Your objective → From the first line to the last, print the data exactly as written.

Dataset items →
"""
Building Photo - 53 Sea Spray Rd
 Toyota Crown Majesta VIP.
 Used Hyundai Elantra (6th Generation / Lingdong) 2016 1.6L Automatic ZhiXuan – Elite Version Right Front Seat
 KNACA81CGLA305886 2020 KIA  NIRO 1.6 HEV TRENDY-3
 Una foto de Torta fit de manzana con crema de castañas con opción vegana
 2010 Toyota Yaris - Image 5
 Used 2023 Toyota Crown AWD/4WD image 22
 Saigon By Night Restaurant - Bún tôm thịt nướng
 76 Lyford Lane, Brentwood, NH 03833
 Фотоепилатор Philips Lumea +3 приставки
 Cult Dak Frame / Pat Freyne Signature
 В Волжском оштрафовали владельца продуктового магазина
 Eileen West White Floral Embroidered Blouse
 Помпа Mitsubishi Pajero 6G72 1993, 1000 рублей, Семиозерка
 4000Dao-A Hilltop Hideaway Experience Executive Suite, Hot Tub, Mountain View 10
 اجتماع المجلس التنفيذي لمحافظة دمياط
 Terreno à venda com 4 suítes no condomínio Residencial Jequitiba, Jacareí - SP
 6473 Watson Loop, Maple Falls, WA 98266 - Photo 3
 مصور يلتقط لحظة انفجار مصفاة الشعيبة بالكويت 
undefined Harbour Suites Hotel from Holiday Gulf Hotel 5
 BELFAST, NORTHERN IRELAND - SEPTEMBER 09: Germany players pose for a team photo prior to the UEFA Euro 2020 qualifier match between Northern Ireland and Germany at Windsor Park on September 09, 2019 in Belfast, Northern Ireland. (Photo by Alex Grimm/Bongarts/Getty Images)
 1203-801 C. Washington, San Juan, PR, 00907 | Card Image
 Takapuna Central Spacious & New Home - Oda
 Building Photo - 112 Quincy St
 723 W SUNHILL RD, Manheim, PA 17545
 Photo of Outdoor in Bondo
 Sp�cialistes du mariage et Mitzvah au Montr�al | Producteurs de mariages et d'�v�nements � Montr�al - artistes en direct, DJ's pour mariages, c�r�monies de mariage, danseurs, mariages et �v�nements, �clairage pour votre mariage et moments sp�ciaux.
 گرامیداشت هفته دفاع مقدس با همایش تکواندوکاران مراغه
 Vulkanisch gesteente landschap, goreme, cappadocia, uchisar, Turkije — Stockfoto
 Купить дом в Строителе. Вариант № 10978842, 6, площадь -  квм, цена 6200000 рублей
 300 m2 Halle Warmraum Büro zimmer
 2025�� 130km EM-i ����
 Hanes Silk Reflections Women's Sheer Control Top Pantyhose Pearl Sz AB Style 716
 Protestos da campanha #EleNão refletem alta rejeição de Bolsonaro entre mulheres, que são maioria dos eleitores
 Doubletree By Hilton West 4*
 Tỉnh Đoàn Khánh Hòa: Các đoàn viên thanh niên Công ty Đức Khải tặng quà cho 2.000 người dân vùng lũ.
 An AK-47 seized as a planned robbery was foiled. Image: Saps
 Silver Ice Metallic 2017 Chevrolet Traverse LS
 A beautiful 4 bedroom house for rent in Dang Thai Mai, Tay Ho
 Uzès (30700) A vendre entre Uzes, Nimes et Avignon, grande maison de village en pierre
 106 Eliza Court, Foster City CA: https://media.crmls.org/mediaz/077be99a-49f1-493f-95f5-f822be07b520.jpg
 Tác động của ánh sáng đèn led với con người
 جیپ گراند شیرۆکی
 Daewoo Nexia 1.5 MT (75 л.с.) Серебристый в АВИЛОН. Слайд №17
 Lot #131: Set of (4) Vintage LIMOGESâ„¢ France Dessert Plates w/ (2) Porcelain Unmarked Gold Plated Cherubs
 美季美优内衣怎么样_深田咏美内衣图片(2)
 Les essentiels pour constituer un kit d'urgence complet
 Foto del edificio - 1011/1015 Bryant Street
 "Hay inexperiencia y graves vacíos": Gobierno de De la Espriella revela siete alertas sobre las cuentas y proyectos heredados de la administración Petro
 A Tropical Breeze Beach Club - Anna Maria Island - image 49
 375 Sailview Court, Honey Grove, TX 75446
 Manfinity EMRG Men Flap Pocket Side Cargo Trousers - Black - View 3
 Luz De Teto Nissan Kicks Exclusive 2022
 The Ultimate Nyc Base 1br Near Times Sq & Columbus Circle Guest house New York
"""
Exercise response →
Building Photo - 53 Sea Spray Rd
 Toyota Crown Majesta VIP.
 Used Hyundai Elantra (6th Generation / Lingdong) 2016 1.6L Automatic ZhiXuan – Elite Version Right Front Seat
 KNACA81CGLA305886 2020 KIA  NIRO 1.6 HEV TRENDY-3
 Una foto de Torta fit de manzana con crema de castañas con opción vegana
 2010 Toyota Yaris - Image 5
 Used 2023 Toyota Crown AWD/4WD image 22
 Saigon By Night Restaurant - Bún tôm thịt nướng
 76 Lyford Lane, Brentwood, NH 03833
 Фотоепилатор Philips Lumea +3 приставки
 Cult Dak Frame / Pat Freyne Signature
 В Волжском оштрафовали владельца продуктового магазина
 Eileen West White Floral Embroidered Blouse
 Помпа Mitsubishi Pajero 6G72 1993, 1000 рублей, Семиозерка
 4000Dao-A Hilltop Hideaway Experience Executive Suite, Hot Tub, Mountain View 10
 اجتماع المجلس التنفيذي لمحافظة دمياط
 Terreno à venda com 4 suítes no condomínio Residencial Jequitiba, Jacareí - SP
 6473 Watson Loop, Maple Falls, WA 98266 - Photo 3
 مصور يلتقط لحظة انفجار مصفاة الشعيبة بالكويت 
undefined Harbour Suites Hotel from Holiday Gulf Hotel 5
 BELFAST, NORTHERN IRELAND - SEPTEMBER 09: Germany players pose for a team photo prior to the UEFA Euro 2020 qualifier match between Northern Ireland and Germany at Windsor Park on September 09, 2019 in Belfast, Northern Ireland. (Photo by Alex Grimm/Bongarts/Getty Images)
 1203-801 C. Washington, San Juan, PR, 00907 | Card Image
 Takapuna Central Spacious & New Home - Oda
 Building Photo - 112 Quincy St
 723 W SUNHILL RD, Manheim, PA 17545
 Photo of Outdoor in Bondo
 Sp�cialistes du mariage et Mitzvah au Montr�al | Producteurs de mariages et d'�v�nements � Montr�al - artistes en direct, DJ's pour mariages, c�r�monies de mariage, danseurs, mariages et �v�nements, �clairage pour votre mariage et moments sp�ciaux.
 گرامیداشت هفته دفاع مقدس با همایش تکواندوکاران مراغه
 Vulkanisch gesteente landschap, goreme, cappadocia, uchisar, Turkije — Stockfoto
 Купить дом в Строителе. Вариант № 10978842, 6, площадь -  квм, цена 6200000 рублей
 300 m2 Halle Warmraum Büro zimmer
 2025�� 130km EM-i ����
 Hanes Silk Reflections Women's Sheer Control Top Pantyhose Pearl Sz AB Style 716
 Protestos da campanha #EleNão refletem alta rejeição de Bolsonaro entre mulheres, que são maioria dos eleitores
 Doubletree By Hilton West 4*
 Tỉnh Đoàn Khánh Hòa: Các đoàn viên thanh niên Công ty Đức Khải tặng quà cho 2.000 người dân vùng lũ.
 An AK-47 seized as a planned robbery was foiled. Image: Saps
 Silver Ice Metallic 2017 Chevrolet Traverse LS
 A beautiful 4 bedroom house for rent in Dang Thai Mai, Tay Ho
 Uzès (30700) A vendre entre Uzes, Nimes et Avignon, grande maison de village en pierre
 106 Eliza Court, Foster City CA: https://media.crmls.org/mediaz/077be99a-49f1-493f-95f5-f822be07b520.jpg
 Tác động của ánh sáng đèn led với con người
 جیپ گراند شیرۆکی
 Daewoo Nexia 1.5 MT (75 л.с.) Серебристый в АВИЛОН. Слайд №17
 Lot #131: Set of (4) Vintage LIMOGESâ„¢ France Dessert Plates w/ (2) Porcelain Unmarked Gold Plated Cherubs
 美季美优内衣怎么样_深田咏美内衣图片(2)
 Les essentiels pour constituer un kit d'urgence complet
 Foto del edificio - 1011/1015 Bryant Street
 "Hay inexperiencia y graves vacíos": Gobierno de De la Espriella revela siete alertas sobre las cuentas y proyectos heredados de la administración Petro
 A Tropical Breeze Beach Club - Anna Maria Island - image 49
 375 Sailview Court, Honey Grove, TX 75446
 Manfinity EMRG Men Flap Pocket Side Cargo Trousers - Black - View 3
 Luz De Teto Nissan Kicks Exclusive 2022
 The Ultimate Nyc Base 1br Near Times Sq & Columbus Circle Guest house New York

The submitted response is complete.